Qatar is currently developing a legal and institutional framework for PPPs in accordance with best international practices, H.E. said, explaining that this framework has been designed specifically to accelerate and facilitate the implementation of PPPs in Qatar, as well as to streamline the implementation of economic and social infrastructure projects, whether by domestic or foreign investors.
A Public Private Partnership Law has been drafted and is currently being adopted, H.E. explained, noting that the law will also contribute to enhancing government support for PPPs and establishing a clear legal framework based on a more efficient and transparent procurement process.
The ninth edition of the Qatar Business and Investment Forum featured five working sessions attended by high-level government officials, businessmen and representatives of major companies from both countries.

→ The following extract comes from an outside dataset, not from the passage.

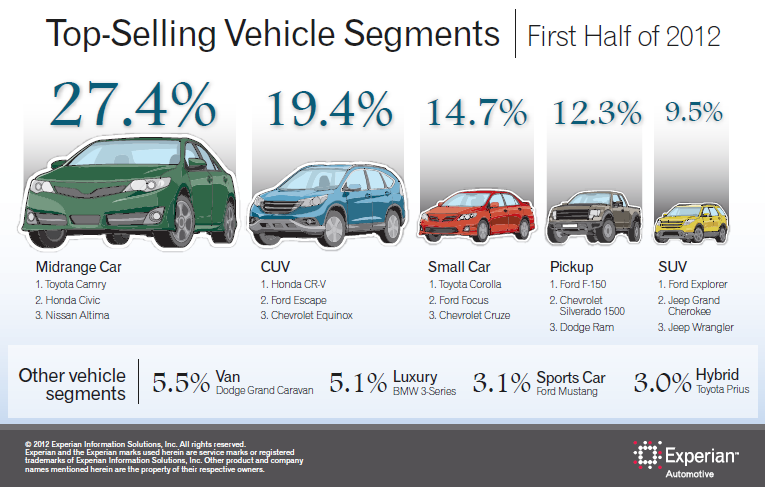 Ford vehicle segments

The sessions touched on efforts to enhance bilateral economic and investment cooperation including growth indicators of a truly successful partnership, cooperation in the financial sector, the promotion of industrial cooperation between Doha and Berlin to contribute to the diversification of income sources, in addition to the promotion of investments in Germany and bilateral cooperation in the fields of tourism, health and sports, especially in relation to the FIFA 2022 World Cup.
The forum also featured bilateral meetings between Qatari and German businessmen, during which participants reviewed investment opportunities in both countries and discussed mechanisms to bolster long-term economic cooperation between Qatari and German companies.